Sur la demande de provision formée par la société SPECTRUM :
Aux termes de l’article 835 alinéa 2 du code de procédure civile, dans les cas où l’existence de l’obligation n’est pas sérieusement contestable, le président du tribunal judiciaire peut accorder une provision au créancier.
Arguant de la défaillance de la société AZTEQUE dans l’exécution de sa prestation, la société SPECTRUM sollicite sa condamnation au paiement d’une somme provisionnelle de 34 099,20 euros, au titre du remboursement de la facture n° FA2210811 du 26 septembre 2022.
Il ne saurait cependant, sur la seule base des éléments précités, être considéré que l’origine des désordres affectant la fraiseuse Huron numéro SXD 833 est établie avec certitude, de sorte que le remboursement total de la facture apparaît prématuré.
La demande se heurte à des contestations sérieues impliquant nécessairement d’être appréciées par le juge du fond. La demande sera rejetée.
Sur la demande d’expertise judiciaire :
Aux termes de l’article 145 du code de procédure civile, s’il existe un motif légitime de conserver ou d’établir avant tout procès la preuve de faits dont pourrait dépendre la solution d’un litige, les mesures d’instruction légalement admissibles peuvent être ordonnées à la demande de tout intéressé, sur requête ou en référé.

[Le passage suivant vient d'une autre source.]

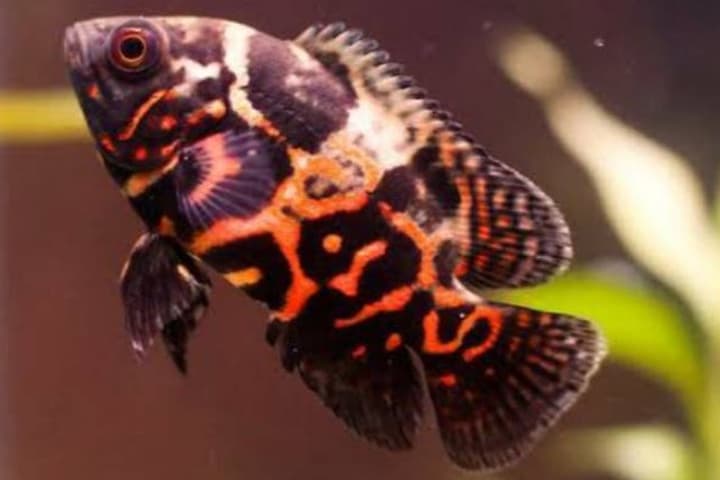 Ikan Oscar, Spesies Cichlid yang Populer untuk Pemula
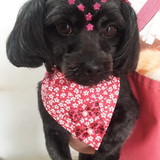 Neidi seifert soares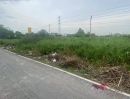 ขายที่ดิน - ขายถูก ดินถนนบางกรวย-ไทรน้อย 49 ตารางวา ติดถนนลาดยางสาธารณะ ซอย เทพประทาน 1 จ.นนทบุรี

Alors que les travaux de réparation ont été achevés avec l’intervention d’une tierce entreprise, une expertise judiciaire ne pourrait constater précisément la réalité et la conformité des travaux réalisés par la société AZTEQUE, de sorte qu’elle n’est pas utile à la solution du litige.
La société SPECTRUM n’établit donc pas le motif légitime exigé à l’article 145 du code de procédure civile et sera déboutée de sa demande de ce chef.
Sur les frais et dépens :
L’équité commande de ne pas faire application de l’article 700 au profit de l’une ou l’autre des parties, qui conserveront chacune leurs dépens.
PAR CES MOTIFS
Nous, Florence LAÏ, présidente du tribunal judiciaire de Mulhouse, statuant publiquement, par ordonnance de référé contradictoire, prononcée par mise à disposition au greffe et en premier ressort,
DEBOUTONS la société AZTEQUE de l’ensemble de ses demandes ;
DEBOUTONS la société SPECTRUM de ses demandes de provision et d’expertise judiciaire ;
DISONS n’y avoir lieu à application de l’article 700 du code de procédure civile au profit de l’une ou l’autre des parties ;
DISONS que chacune des parties conservera la charge de ses dépens ;
CONSTATONS l’exécution provisoire de plein droit des dispositions de la présente décision ;
ET AVONS signé la minute de la présente ordonnance avec la greffière.